Transcribe exactly, please, the lines from the one containing "Armenia Christmas Shower" through the end of the records below, and leave out the pictures.
### Available records
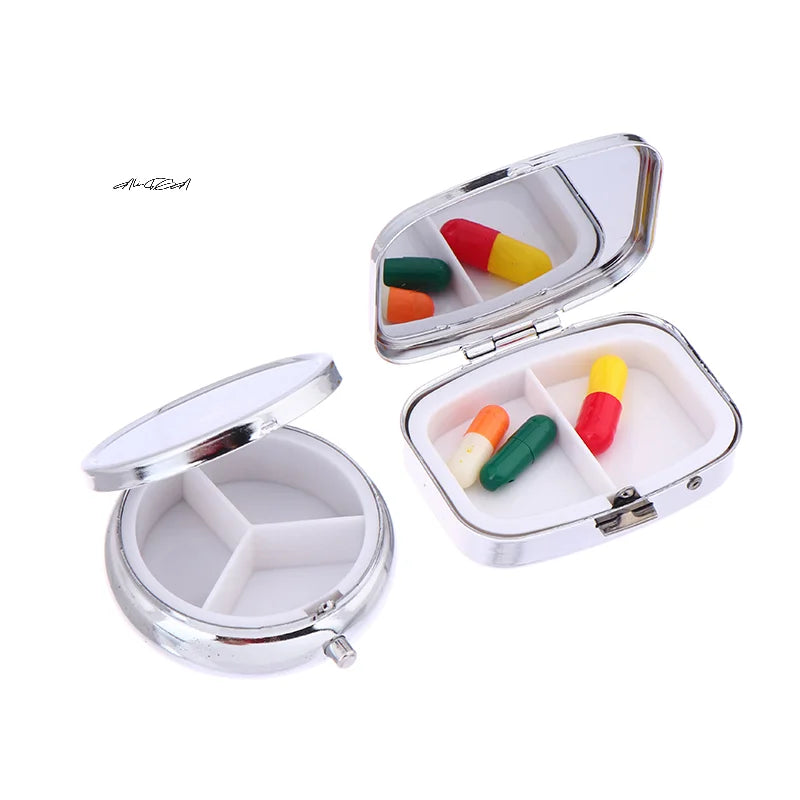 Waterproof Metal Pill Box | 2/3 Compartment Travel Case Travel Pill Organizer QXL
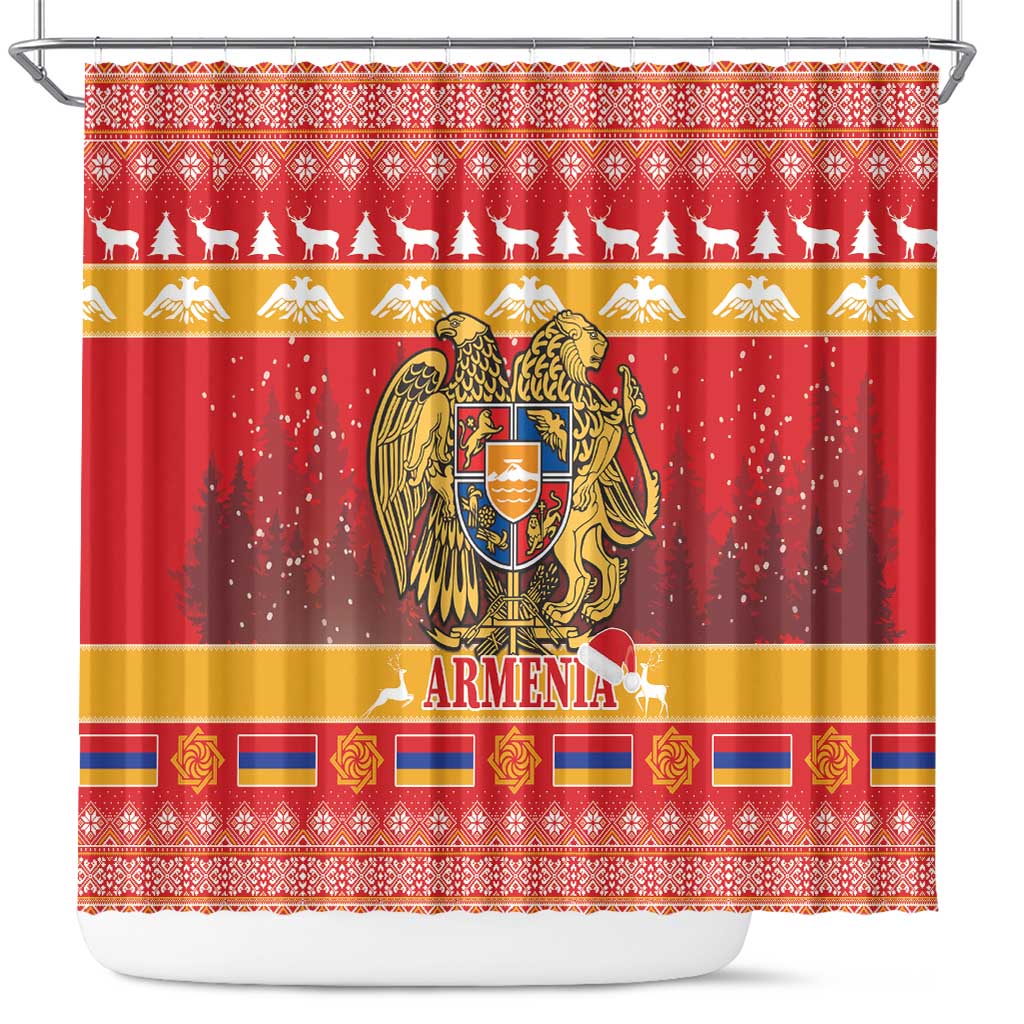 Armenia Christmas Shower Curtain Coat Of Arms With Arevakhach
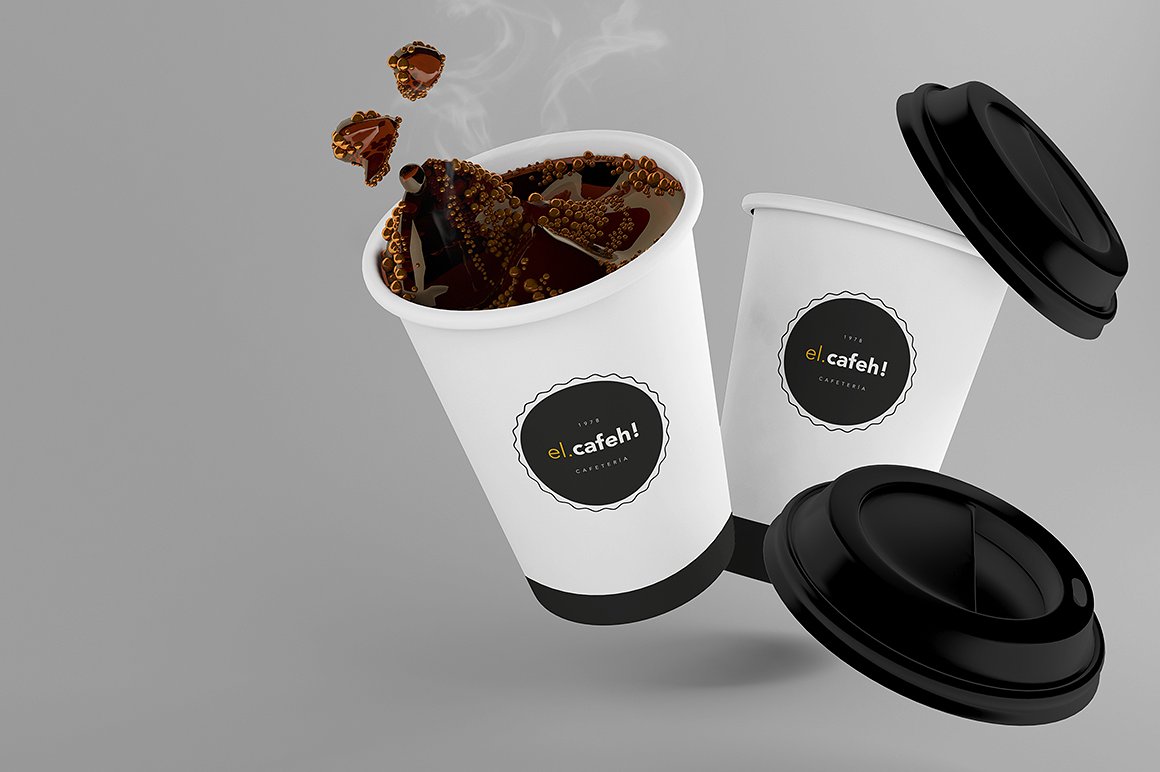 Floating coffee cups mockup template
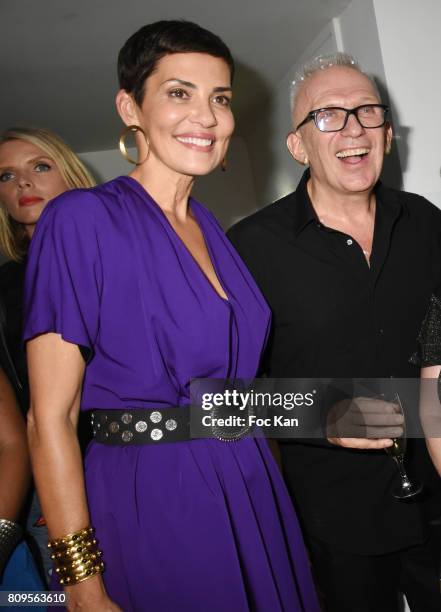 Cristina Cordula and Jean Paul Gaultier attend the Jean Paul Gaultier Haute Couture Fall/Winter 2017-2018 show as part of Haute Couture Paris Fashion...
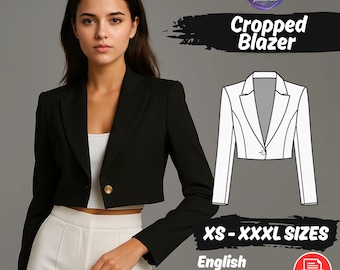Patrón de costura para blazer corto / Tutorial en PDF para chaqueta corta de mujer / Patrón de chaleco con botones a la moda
######
Response to this exercise:
 Armenia Christmas Shower Curtain Coat Of Arms With Arevakhach
 Floating coffee cups mockup template
 Cristina Cordula and Jean Paul Gaultier attend the Jean Paul Gaultier Haute Couture Fall/Winter 2017-2018 show as part of Haute Couture Paris Fashion...
Patrón de costura para blazer corto / Tutorial en PDF para chaqueta corta de mujer / Patrón de chaleco con botones a la moda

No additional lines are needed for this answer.